18th March 2023 · 1970s, 1979, Music

Looking back at the landmark albums released in 1979, it’s hard not to conclude that it was the best year for music. One of them was Fear Of Music by Talking Heads.

I love every track but I think this is my favourite. It’s the sense of space: Tina Weymouth’s slippery bass anchoring the sound and David Byrne’s ethereal vocal floating over the rhythm.

The words are typically enigmatic. Has there ever been a better description of heaven than this: “A place… where nothing ever happens”?

A place where “It’s hard to imagine that nothing at all could be so exciting – could be so much fun.” There’s a bar, a party, and a kiss that, as soon as it’s over, will start again – “and be exactly the same.”

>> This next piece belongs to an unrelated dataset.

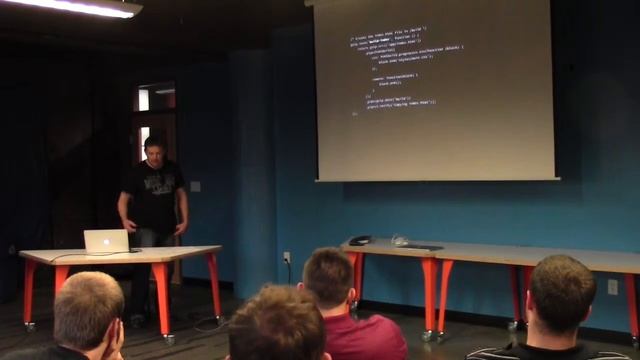 Performant Build Tooling -- Trevor Pierce смотреть онлайн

I’d seen Talking Heads several times by the time their third album came out; I’d even gone to an aftershow party where I got each of them to sign the inner sleeve of their debut album ’77.

I confess I was mildly disappointed by their follow-up, More Songs About Building And Food, but Fear Of Music took them to another place. A higher place. A heavenly place.

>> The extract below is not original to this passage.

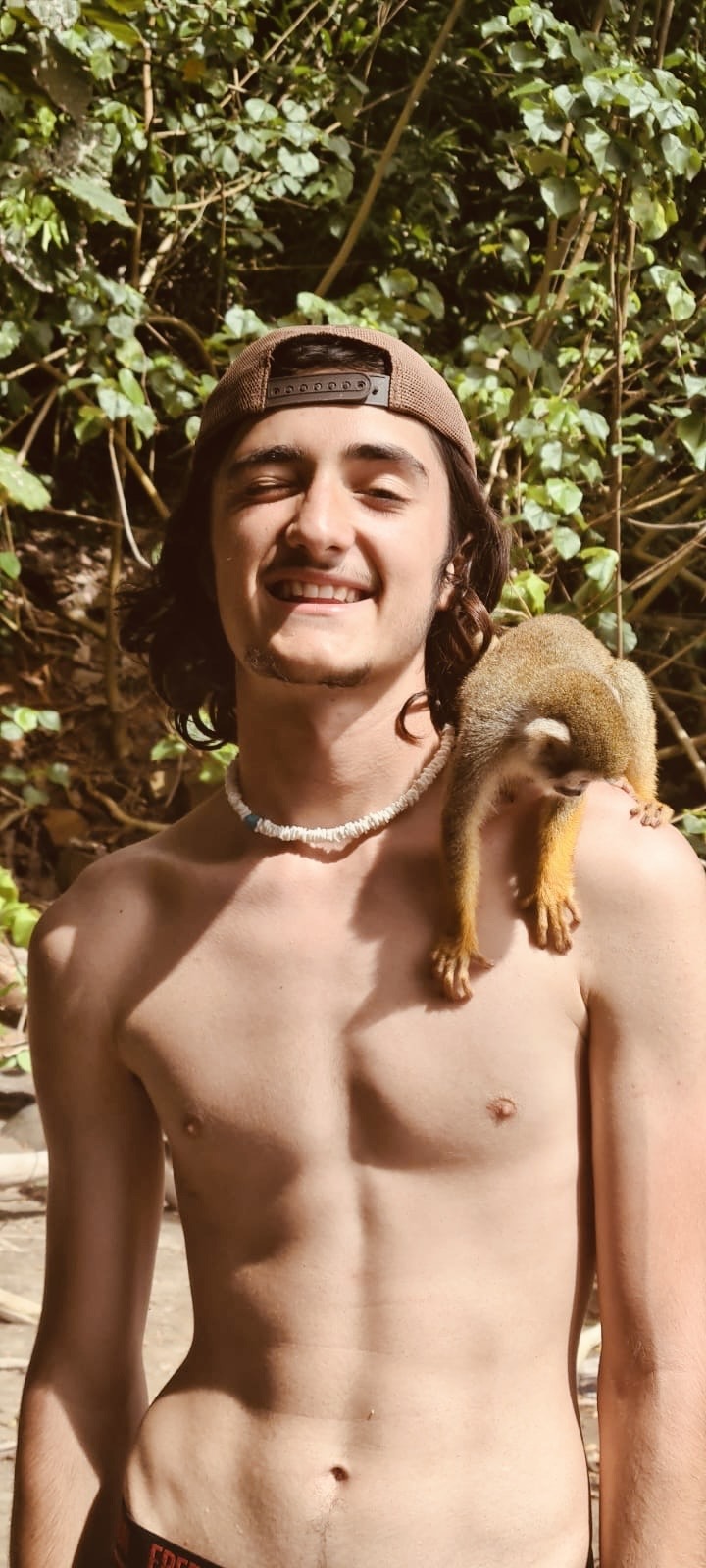 Profil de Drago, 19 ans, Agence Rencontre à Pizy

There are a couple of jazzed-up cover versions that are worth catching up on: the first by veteran singer Jimmy Scott, from 1996, with some wonderful jazz piano. The second is a surprisingly sensitive lounge-jazz take on it by Eric Burdon from his 2004 album My Secret Life.

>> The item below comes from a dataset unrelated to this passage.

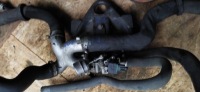 Купити Range rover 4 l405 шланг turbo, фото thumb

There’s also a beautiful soul arrangement sung by Q Lazzarus (best known for Goodbye Horses in The Silence Of The Lambs) from the film Philadelphia in 1993.

Plus a more faithful version by Joachim Witt, translated into his native German, translated as Der Weg In Die Ferne (which I think means ‘The Way Into The Distance’, though Annette Becker can confirm).

The less said about Simply Red’s plodding attempt on their 1985 album Picture Book the better.

There’s also a superb stripped-back version by Byrne and Weymouth alone in the Talking Heads concert film Stop Making Sense. But it’s hard – nay, impossible – to improve on the original Talking Heads album version, with Brian Eno helping out on production.